Over the last twelve years, I've written about four hundred thousand words
that I never would have bothered with if there hadn't been a potential
audience. At the same time, I enjoyed the writing of hundreds of people who
wrote for the same reason. Some of them wrote as a hobby, some of them wrote
as a study aid (researching a technical article is a terrific way to really
learn something), and some were domain experts who had a knack for explaining
their work to laypeople, and got a kick out of doing it after hours. Some of
these people got 'real' book deals, but the books were inevitably watered down
versions of the kind of stuff I could find for free online.
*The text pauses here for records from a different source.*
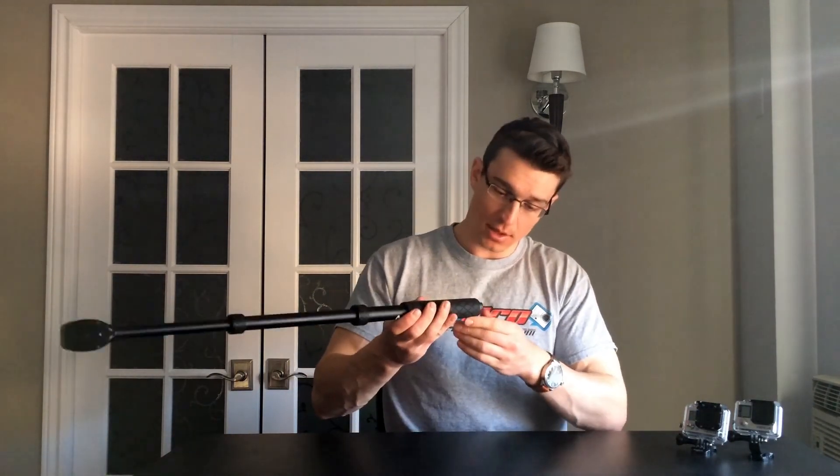Another cool feature on both the Boost and the Boost Plus is the quarter inch threaded end. GoScope includes a lanyard, and you can just twist that into the end. Now you've got a lanyard — so if you drop it while filming you're covered. You can also attach it to a tripod. If you want extra extension or height in a time lapse, set it to the right height, thread it into your tripod, and you'll get an extra up to 40 inches if you have the Boost Plus, which is pretty cool.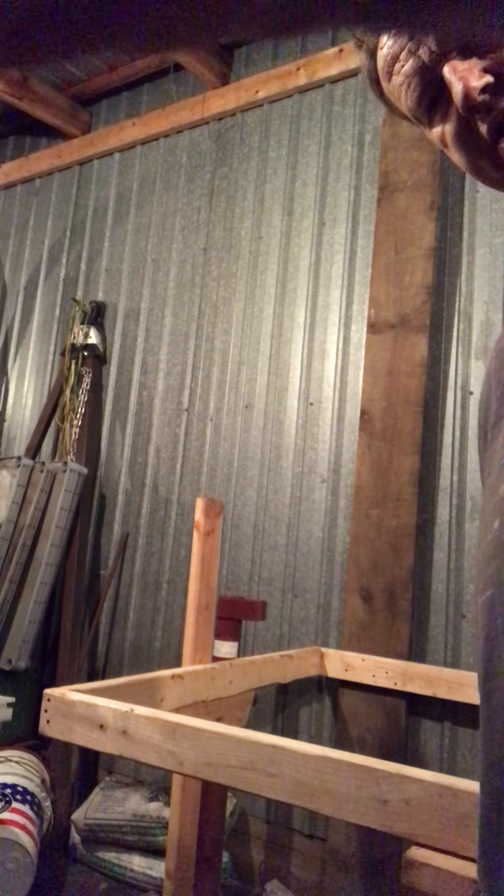I got a basic frame up for a 4x8 sheet. So that's what I did since the last video — got two of my longest boards up in the back.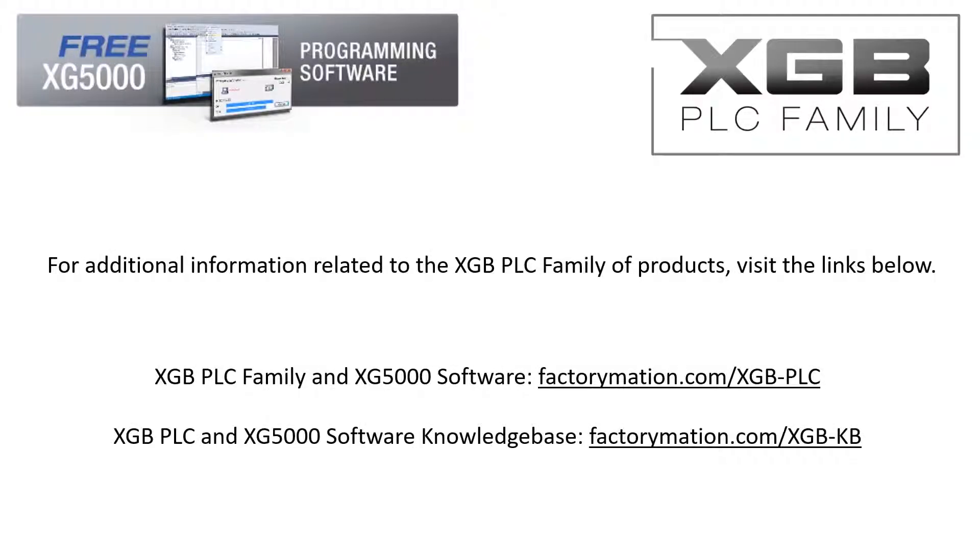For additional information related to the XGB PLC family of products, visit the links below.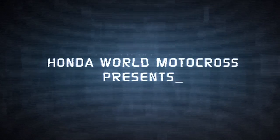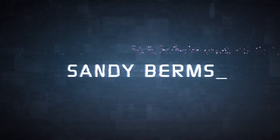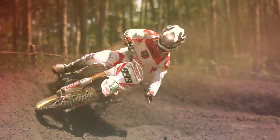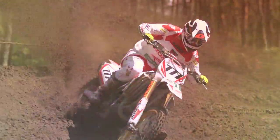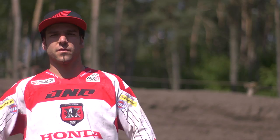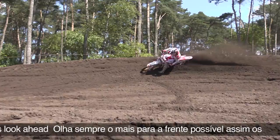Honda World Motocross presents: How to improve your riding with Sandy Burns. In this episode, we're going to try to improve on the sand turns. Sometimes it's not really about coming really fast, but coming under control.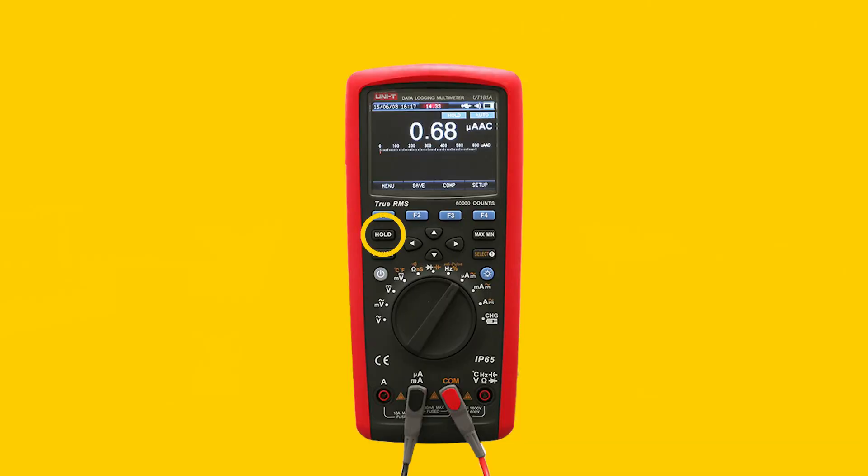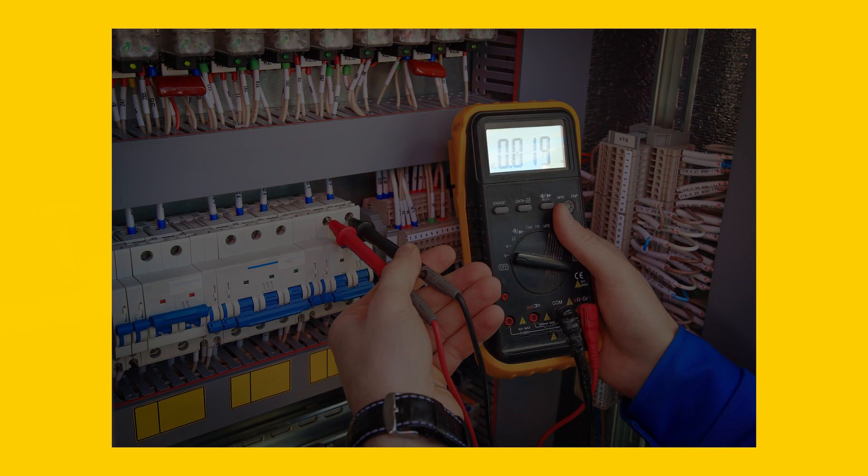The hold function allows you to keep the measured value on the screen of the multimeter. This can help you to remember a reading, or if you cannot write anything down right away. Meters with a backlight will illuminate the display so you can read it in the dark.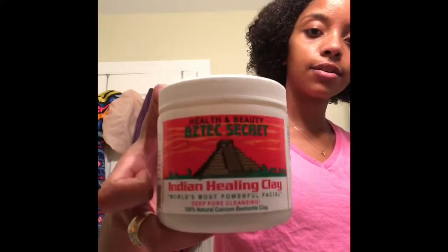This is the Aztec Secret Indian Healing Clay and I already have some of it set up. I put about two tablespoons worth of the mask in here, and now I'm taking my Braggs organic apple cider vinegar — any apple cider vinegar should work, I just like Braggs better.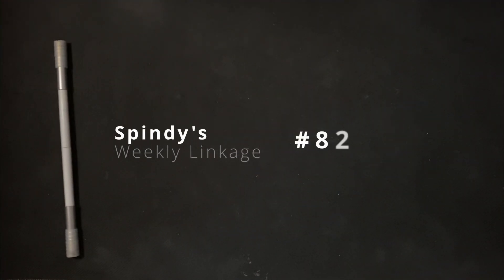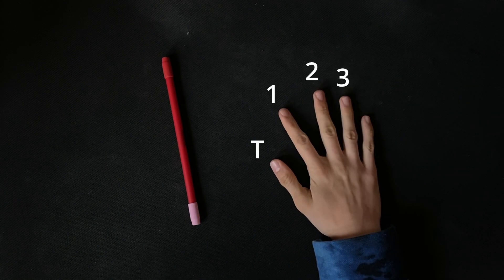Hello and welcome to Spindy's weekly linkage number 82. Remember, numbers are fingers to represent finger slots.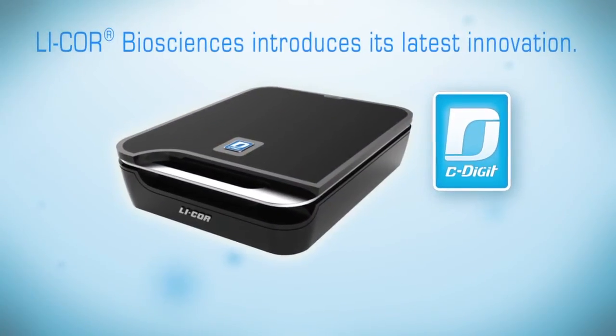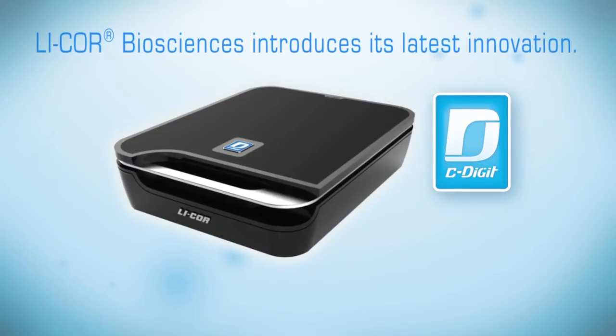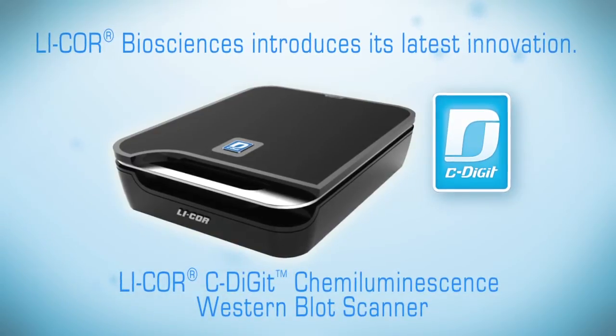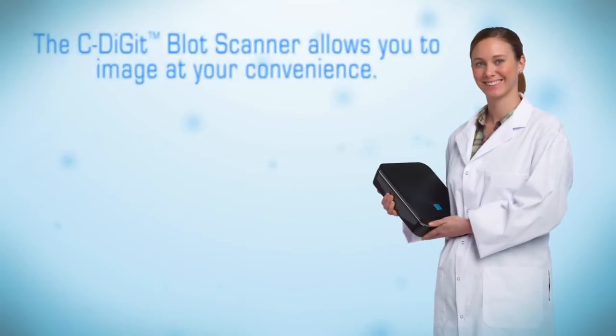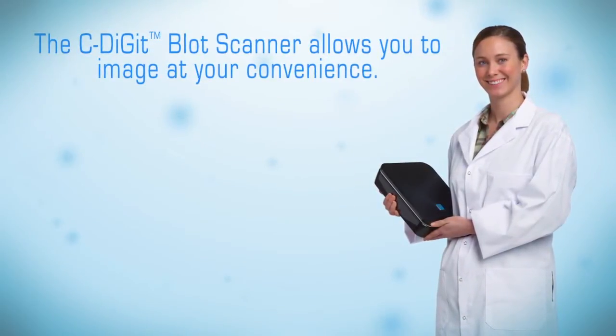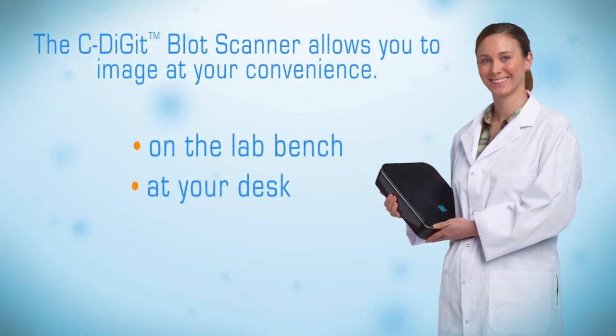LICOR Biosciences introduces the latest innovation and your new affordable lab partner: the LICOR C-Digit Chemiluminescence Western Blot Scanner. The new way to develop film quality images without the hassle and expense of film development. The C-Digit Blot Scanner allows you to image at your convenience — on your lab bench, at your desk, or anywhere you choose.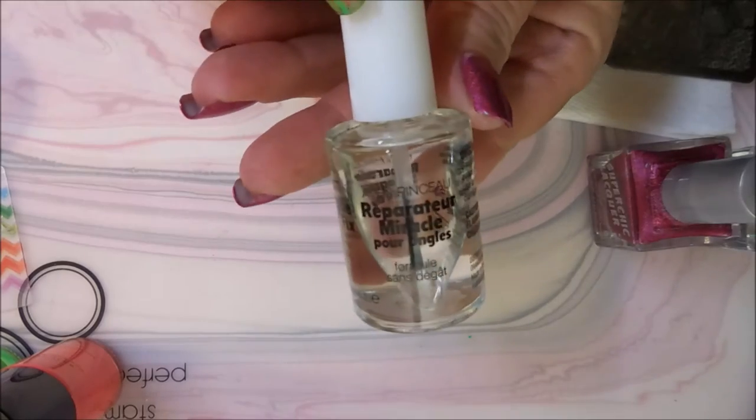Hello my friend and welcome to my channel. Today I've got a manicure to share with you. This is Super Chick Lacquer's Swoon and I'm going to stamp it with some roses.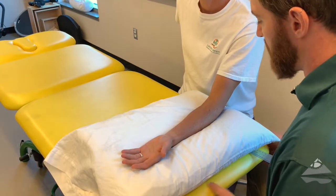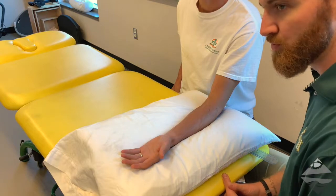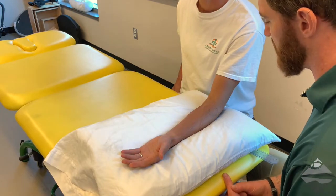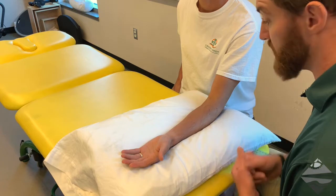Today we're going to be talking about palpation, observation, and range of motion assessment in and around the elbow. Before we get into the range of motion assessment, let's do a little bit of a palpatory exam, appreciating where some of the anatomy is and appreciating the various structures.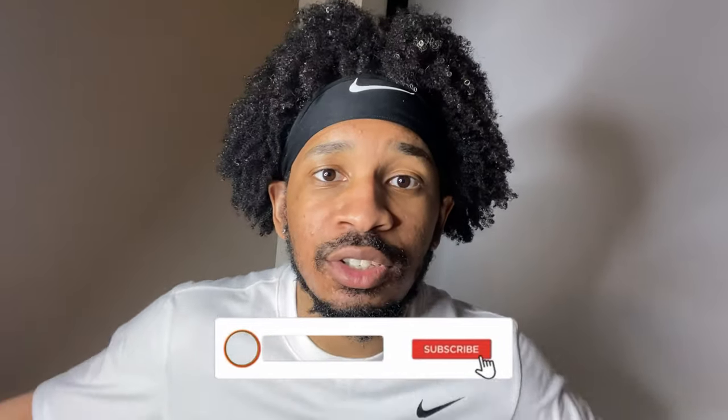Thanks for tuning in, guys. Make sure you like and subscribe for more videos — I'll be dropping soon. Peace.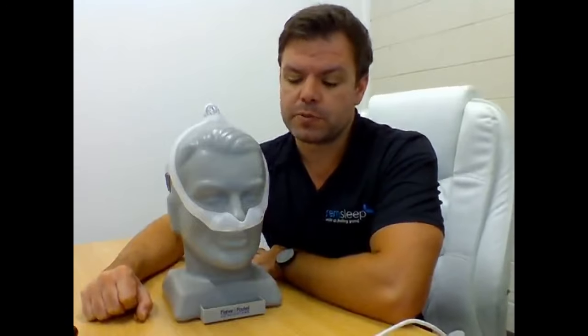G'day everybody, Nick here again from Super Cheap CPAP. Today I'm going to be doing a little talk on a very interesting mask - a new mask to the market called the Philips Respironics Dreamwear Mask. This is a totally revolutionary mask, I guess you would call it.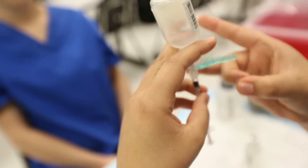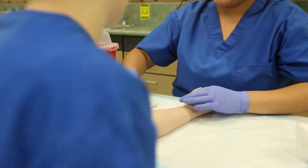So today the first injection we're going to be giving is an intradermal test, an ID.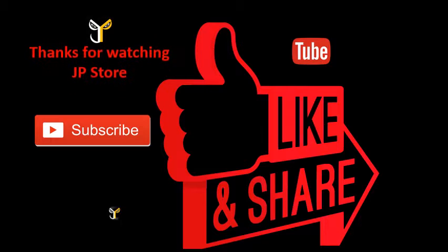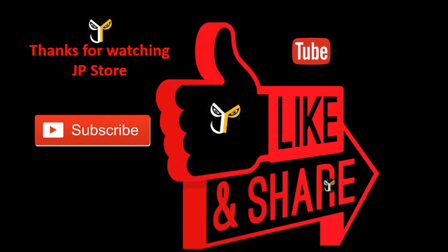Thanks for watching JP store. Please do subscribe, like, and share. Thank you.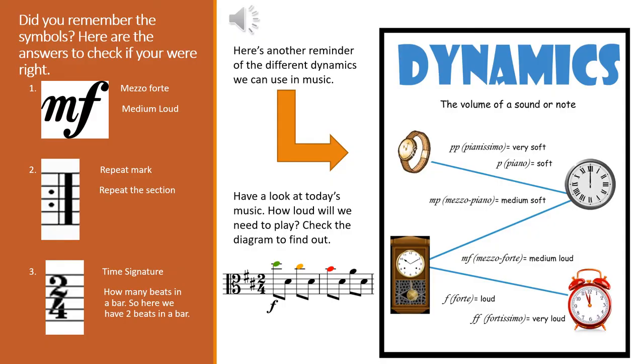Here are the answers to those three symbols — did you get them? Mezzo forte means medium loud. The repeat mark means we repeat the section, and the two-over-four time signature tells us that there are two beats in a bar in this instance. I've also put on the picture from last time of all the different dynamics we might come across — just have another look to familiarize yourself. If you look in the middle of the page at the bottom, I've put the start of the music we're going to be looking at today. What dynamic is that? Check the diagram to find out.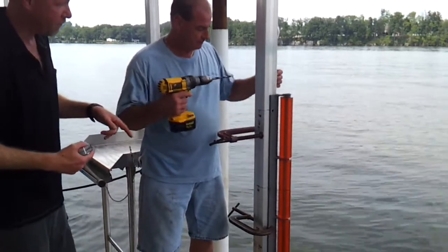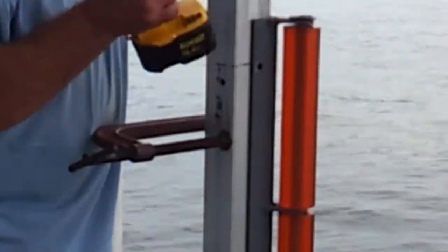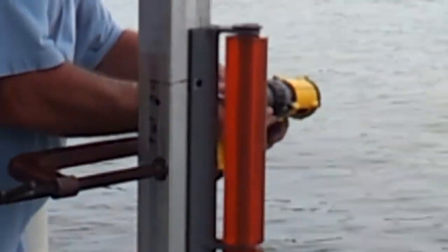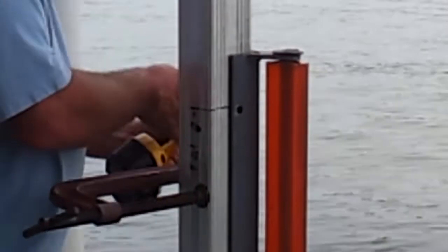You're going to need a cordless drill, and you want to go all the way through both sides. You're going to need some bolts and a nylock nut. Now, depending on what size your actual frame post is, it's going to depend on what you want. You want to make sure it goes all the way through and you have room to put your nut up.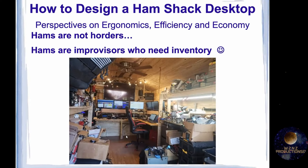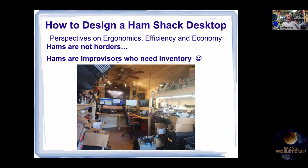Back to my own shack — there are boxes creating an aisle, and it's a mess right now. It's going to be redone. This is all going to get removed along with what's on the shelf, opening up about two feet by eight feet of floor space. Then I'll redo the desk. We're not hoarders, by the way — we're improvisers who need inventory. So if someone tells you you're a ham hoarder, tell them you're an improviser who needs inventory.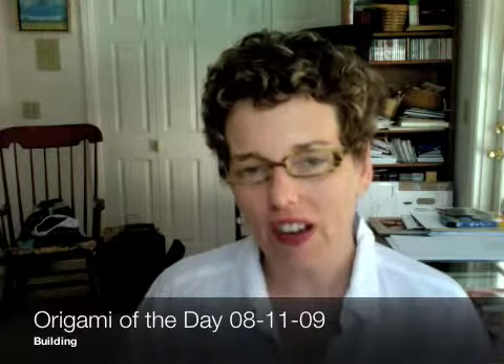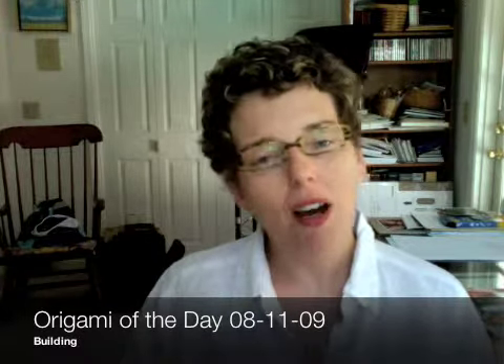Hi everybody. Happy Tuesday. Today is Tuesday, August 11th, 2009 and we are working on a model today of a building. It uses a regular piece of origami paper so get your supplies together and we'll get started right away.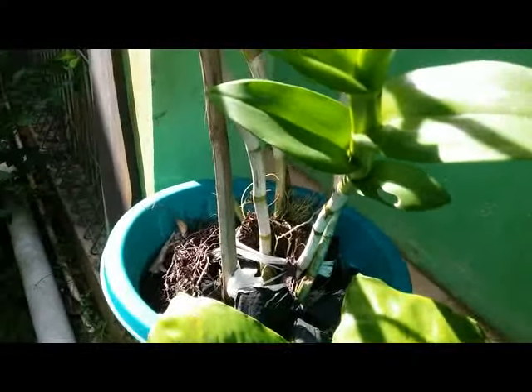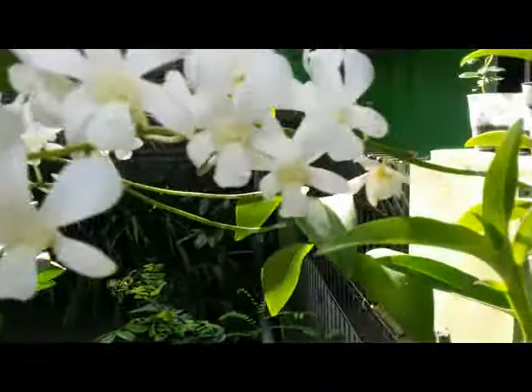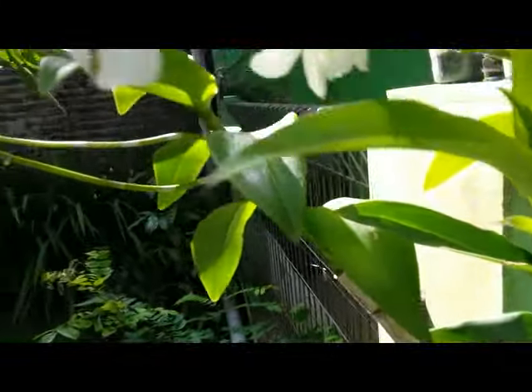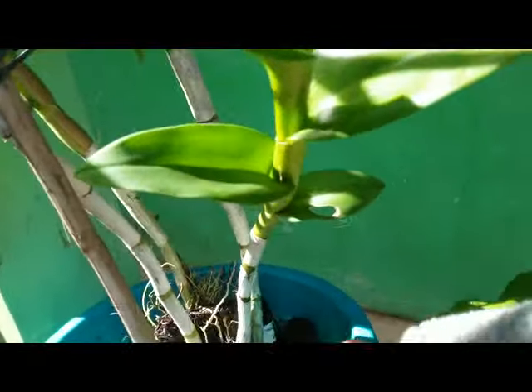Hello, this is a huge, big Dendrobium hybrid with white flowers, three spikes of flowers, growing so well.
That leaves the publishers, the people who are really getting squeezed. In
some cases, they are big companies that are easy to hate, analogous to the
record companies. In other cases, they are earnest magazines run by wonderful
people on a shoestring budget. My problem is that they present the debate as
being between giant corporations and the heroic small publishers, fighting for
the rights of the journeyman writer. This ignores the vast mass of writers
outside the system, and the many new forms of writing that the Internet has
created for us to enjoy. Writing is in much better shape than pieces like this
suggest. But it is just not a viable way to earn your living, unless you are
in a tiny group of truly extraordinary people. And that's perfectly fine.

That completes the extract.